## PROBLEM
Once you find the line with "Bathroom Vanity Base" in the data that follows, repeat it and every line after it exactly, through the line with "Memóriahabos csuklóra szerelhető".

## DATA SUPPLIED
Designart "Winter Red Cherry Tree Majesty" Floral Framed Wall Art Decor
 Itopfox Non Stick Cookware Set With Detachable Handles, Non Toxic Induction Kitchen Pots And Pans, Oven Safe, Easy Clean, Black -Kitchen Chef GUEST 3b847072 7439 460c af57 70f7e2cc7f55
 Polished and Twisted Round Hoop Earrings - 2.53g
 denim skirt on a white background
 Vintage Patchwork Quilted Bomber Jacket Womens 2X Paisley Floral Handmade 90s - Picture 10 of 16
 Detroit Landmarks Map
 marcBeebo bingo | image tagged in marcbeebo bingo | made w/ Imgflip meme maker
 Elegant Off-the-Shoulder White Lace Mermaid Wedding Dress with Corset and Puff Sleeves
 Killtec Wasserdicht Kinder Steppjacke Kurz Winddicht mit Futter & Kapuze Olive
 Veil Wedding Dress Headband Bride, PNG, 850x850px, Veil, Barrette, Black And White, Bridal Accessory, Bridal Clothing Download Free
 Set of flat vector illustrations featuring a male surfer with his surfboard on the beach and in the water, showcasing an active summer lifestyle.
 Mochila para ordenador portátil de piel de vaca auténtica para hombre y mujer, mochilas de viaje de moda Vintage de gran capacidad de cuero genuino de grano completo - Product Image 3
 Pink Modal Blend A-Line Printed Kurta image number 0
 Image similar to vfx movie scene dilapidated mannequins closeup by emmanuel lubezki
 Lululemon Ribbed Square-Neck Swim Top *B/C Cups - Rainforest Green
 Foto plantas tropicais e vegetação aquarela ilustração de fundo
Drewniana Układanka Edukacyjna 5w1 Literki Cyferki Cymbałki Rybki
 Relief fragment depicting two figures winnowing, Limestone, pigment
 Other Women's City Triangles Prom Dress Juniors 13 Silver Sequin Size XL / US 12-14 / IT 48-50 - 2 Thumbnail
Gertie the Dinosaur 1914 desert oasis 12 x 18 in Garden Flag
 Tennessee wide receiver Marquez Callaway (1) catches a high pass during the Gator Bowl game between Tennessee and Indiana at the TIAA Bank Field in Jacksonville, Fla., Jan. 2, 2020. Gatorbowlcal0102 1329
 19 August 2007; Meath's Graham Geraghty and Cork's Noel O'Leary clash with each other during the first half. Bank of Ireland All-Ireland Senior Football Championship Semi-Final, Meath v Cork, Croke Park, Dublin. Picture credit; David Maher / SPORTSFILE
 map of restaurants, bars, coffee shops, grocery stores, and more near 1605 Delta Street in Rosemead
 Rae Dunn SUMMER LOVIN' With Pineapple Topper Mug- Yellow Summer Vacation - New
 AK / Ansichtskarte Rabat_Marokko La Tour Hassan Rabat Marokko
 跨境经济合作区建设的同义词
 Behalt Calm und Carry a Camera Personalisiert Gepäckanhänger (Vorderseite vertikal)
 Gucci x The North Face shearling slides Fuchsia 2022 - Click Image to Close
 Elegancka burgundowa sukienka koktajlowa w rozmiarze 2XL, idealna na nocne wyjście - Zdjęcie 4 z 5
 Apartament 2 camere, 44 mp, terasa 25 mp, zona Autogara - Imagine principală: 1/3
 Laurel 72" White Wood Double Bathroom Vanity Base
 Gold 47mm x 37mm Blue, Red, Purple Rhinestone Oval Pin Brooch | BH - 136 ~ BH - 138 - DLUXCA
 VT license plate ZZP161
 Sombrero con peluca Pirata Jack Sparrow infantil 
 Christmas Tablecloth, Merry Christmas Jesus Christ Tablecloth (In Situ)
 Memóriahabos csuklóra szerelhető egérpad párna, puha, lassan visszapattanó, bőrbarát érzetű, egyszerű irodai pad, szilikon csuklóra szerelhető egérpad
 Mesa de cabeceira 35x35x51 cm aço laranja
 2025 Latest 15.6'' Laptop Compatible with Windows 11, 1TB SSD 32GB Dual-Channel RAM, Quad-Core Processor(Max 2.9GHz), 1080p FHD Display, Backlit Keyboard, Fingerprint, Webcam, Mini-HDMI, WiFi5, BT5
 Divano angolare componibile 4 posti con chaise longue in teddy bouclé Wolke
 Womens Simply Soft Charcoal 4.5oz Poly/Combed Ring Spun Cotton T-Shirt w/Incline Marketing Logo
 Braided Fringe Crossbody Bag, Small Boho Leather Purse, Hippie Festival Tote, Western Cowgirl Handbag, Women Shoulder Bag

## ANSWER AREA
 Laurel 72" White Wood Double Bathroom Vanity Base
 Gold 47mm x 37mm Blue, Red, Purple Rhinestone Oval Pin Brooch | BH - 136 ~ BH - 138 - DLUXCA
 VT license plate ZZP161
 Sombrero con peluca Pirata Jack Sparrow infantil 
 Christmas Tablecloth, Merry Christmas Jesus Christ Tablecloth (In Situ)
 Memóriahabos csuklóra szerelhető egérpad párna, puha, lassan visszapattanó, bőrbarát érzetű, egyszerű irodai pad, szilikon csuklóra szerelhető egérpad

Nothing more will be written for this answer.